Rejecting Tar Sands Key Step in 'Decarbonizing' World's Energy Economy

Published on
by
Common Dreams

Rejecting Tar Sands Key Step in 'Decarbonizing' World's Energy Economy

Economists, scientists send joint letter calling for rejection of Keystone XL pipeline

by
Jacob Chamberlain, staff writer
(Elvert Barnes / Flickr / Creative Commons license)

(Elvert Barnes / Flickr / Creative Commons license)

Over one hundred concerned scientists and economists urged President Obama and Secretary of State John Kerry to say no to the Keystone XL pipeline in a letter sent to the White House and State Department on Monday.

In the letter, the scientists outline the dangers of extracting what has been called the world’s dirtiest fuel within Canada's tar sands fields—in particular, the drastic consequences of burning the carbon intensive reserves for the world's present and future climate crisis.

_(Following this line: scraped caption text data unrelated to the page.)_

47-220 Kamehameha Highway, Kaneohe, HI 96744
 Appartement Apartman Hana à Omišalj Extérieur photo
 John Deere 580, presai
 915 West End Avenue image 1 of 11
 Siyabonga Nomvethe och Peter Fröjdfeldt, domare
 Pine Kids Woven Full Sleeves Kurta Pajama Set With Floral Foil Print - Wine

"As scientists and economists, we are concerned about climate change and its impacts," the letter states. "We urge you to reject the Keystone XL tar sands oil pipeline as a project that will contribute to climate change at a time when we should be doing all we can to put clean energy alternatives in place."

As the letter's authors point out, fuels produced from tar sands produce the most greenhouse gas emissions over their lifecycle than any other fuel produced from conventional oil. The development of the Keystone XL pipeline, which will run from Canada to Gulf Coast refineries for tar sands export all over the world, would cause "sizeable expansion" of tar sands production and thus a drastic increase in this greenhouse gas pollution.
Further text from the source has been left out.